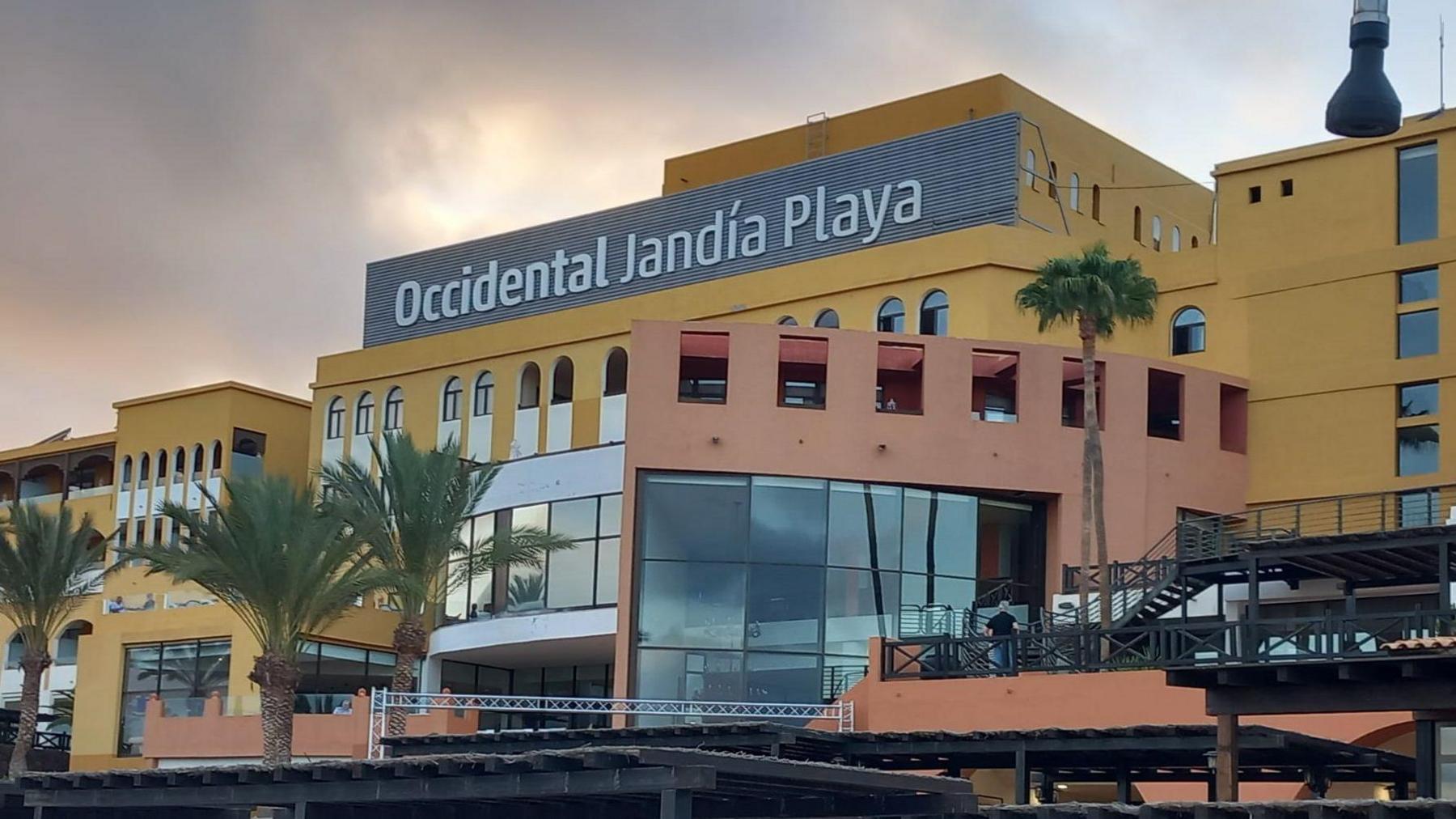 A general view of the front of a palm-tree lined hotel building, with a yellow fascia and a large sign with 'Occidental Jandia Playa' spelled out in white lettering.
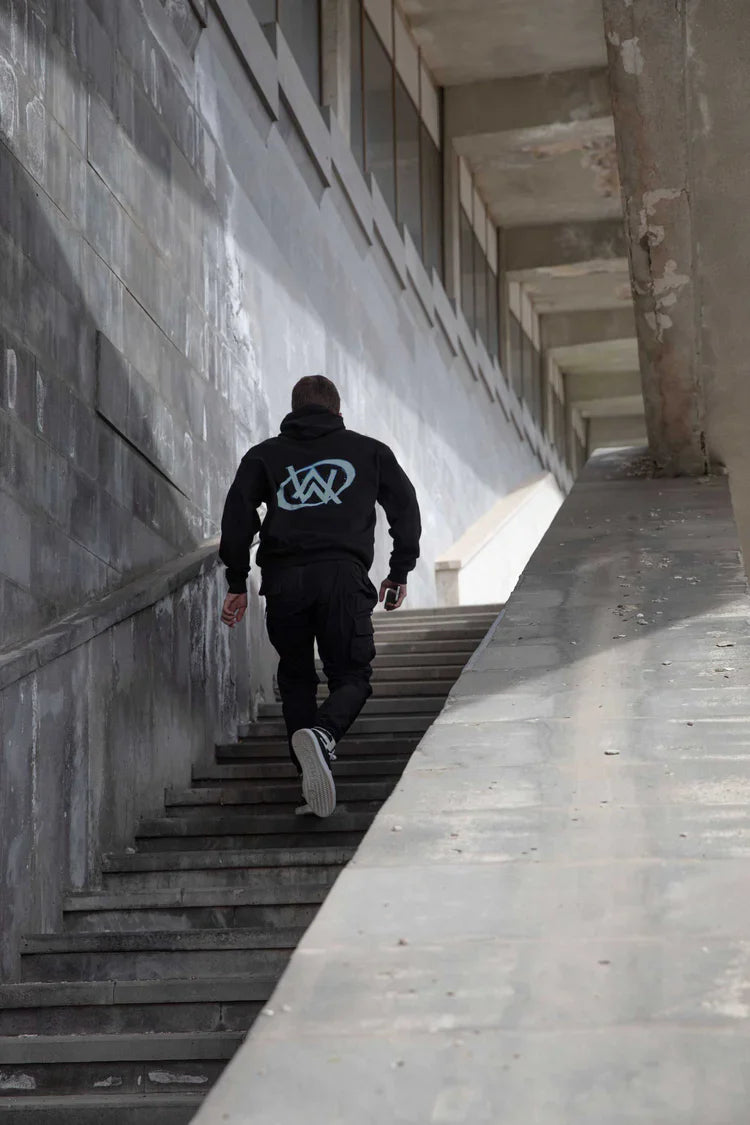 Urban exploration with a touch of fan pride, a person in an Alan Walker hoodie ascending concrete stairs, back to the camera.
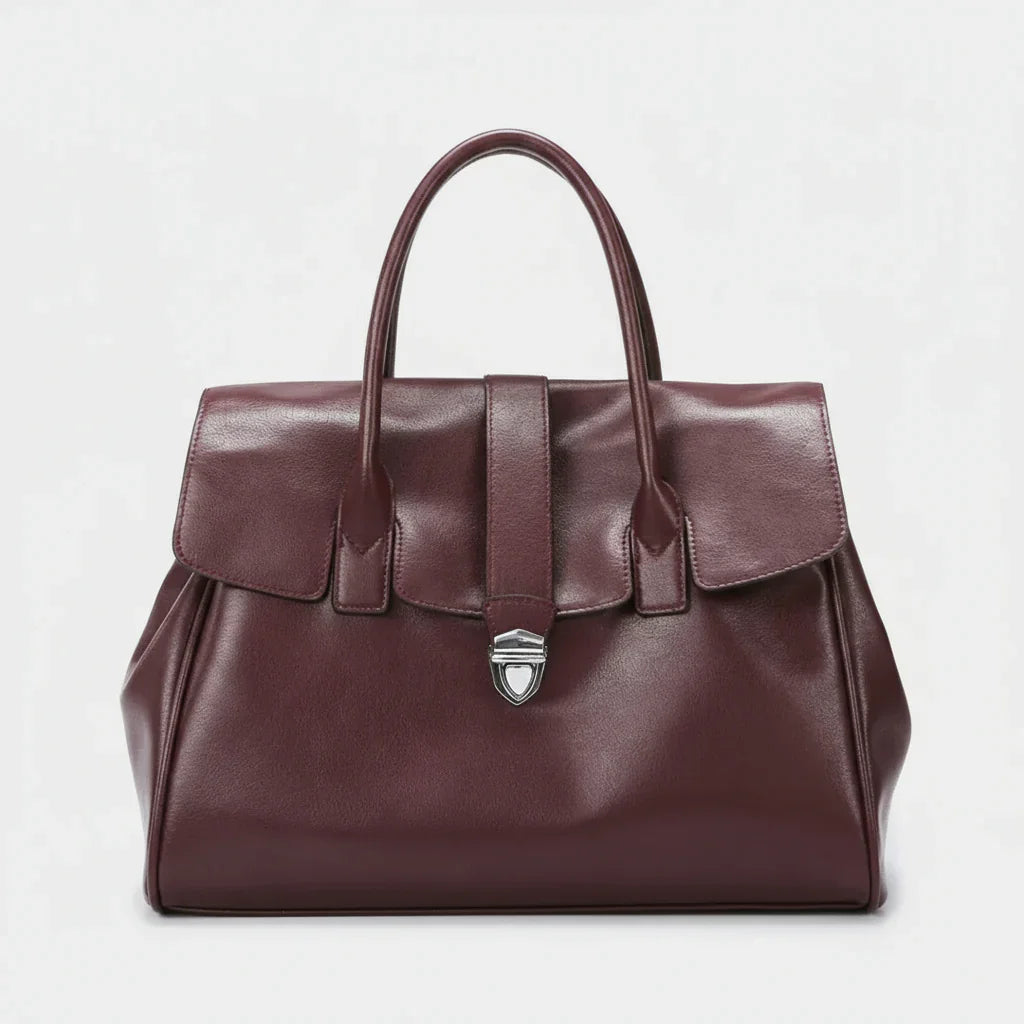 Burgundy leather handbag with top handles and silver clasp on white background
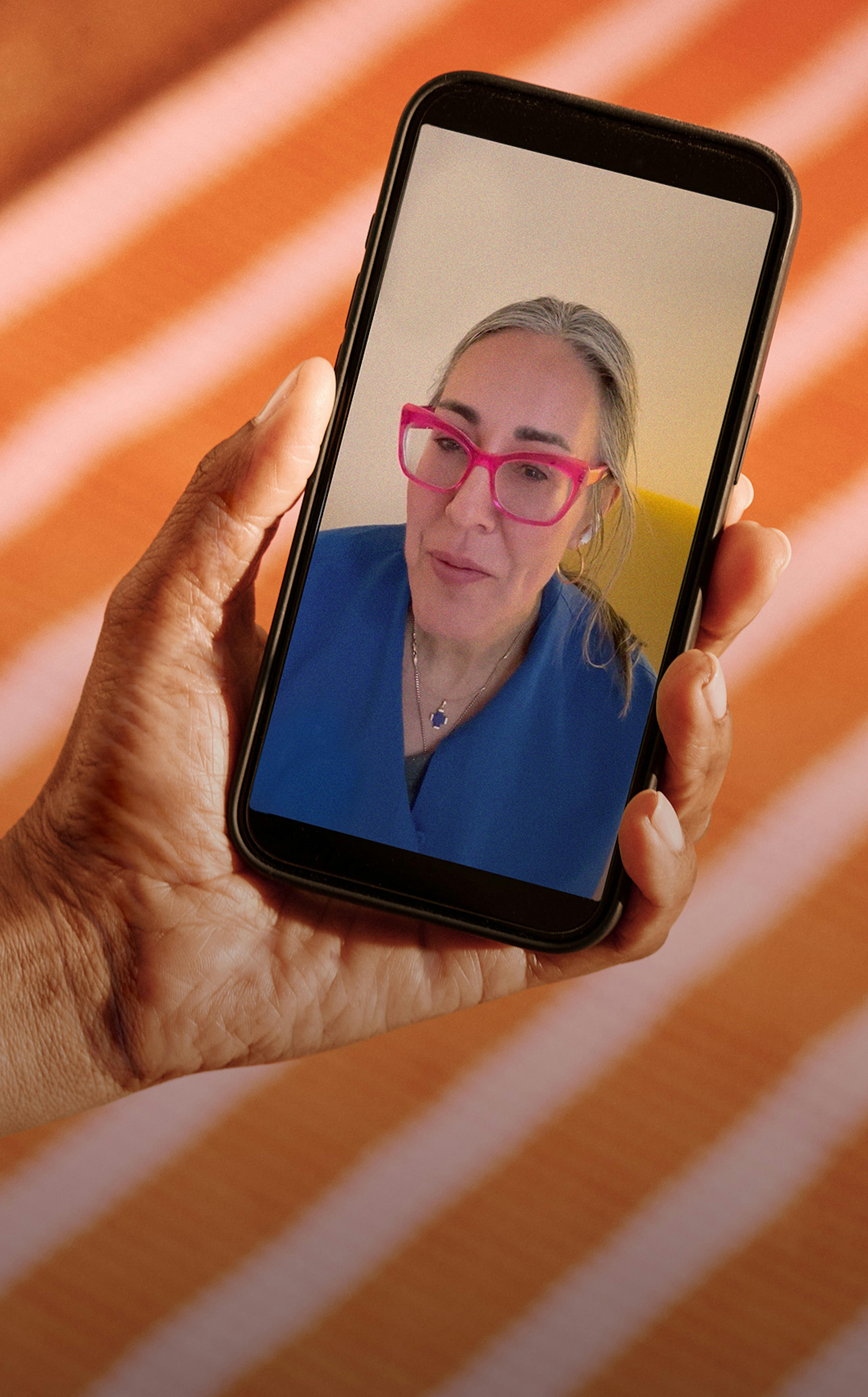 Close cropped photograph of woman's hand holding a phone with Midi clinician on telehealth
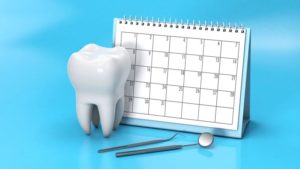 Tooth and dental instruments next to calendar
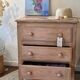 Small Parisian-style chest of drawers patinated in pink.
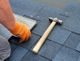 Person installing roof shingles, wearing orange gloves, with a hammer nearby.
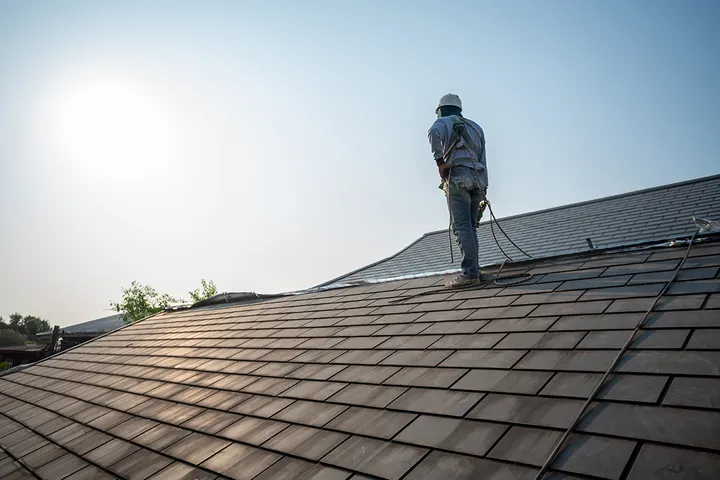 Residential roof with new asphalt shingles on a family home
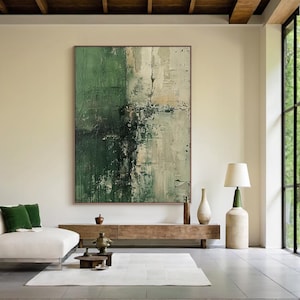 May include: Large abstract painting with a textured surface, featuring shades of green, white, and black. The artwork is displayed in a modern living room setting, above a wooden console. The room includes a white sofa, a rug, and a floor lamp.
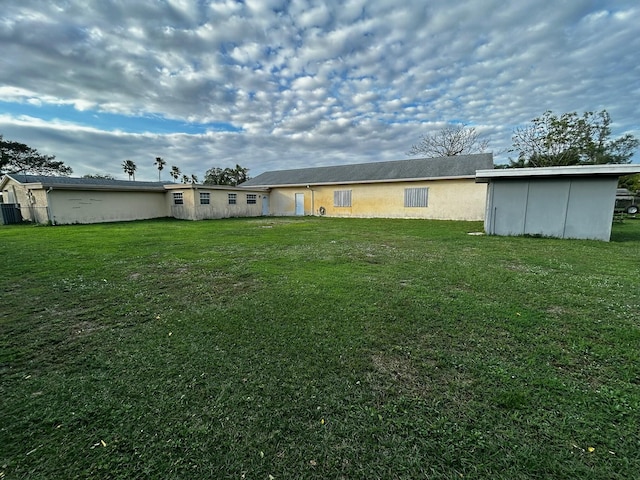 rear view of house featuring a yard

## WHAT TO PRODUCE
Exactly the lines from the top of the listing through the line with "Small Parisian-style chest", and no pictures, should be printed.

## EXERCISE RESPONSE
 A general view of the front of a palm-tree lined hotel building, with a yellow fascia and a large sign with 'Occidental Jandia Playa' spelled out in white lettering.
 Urban exploration with a touch of fan pride, a person in an Alan Walker hoodie ascending concrete stairs, back to the camera.
 Burgundy leather handbag with top handles and silver clasp on white background
 Close cropped photograph of woman's hand holding a phone with Midi clinician on telehealth
 Tooth and dental instruments next to calendar
 Small Parisian-style chest of drawers patinated in pink.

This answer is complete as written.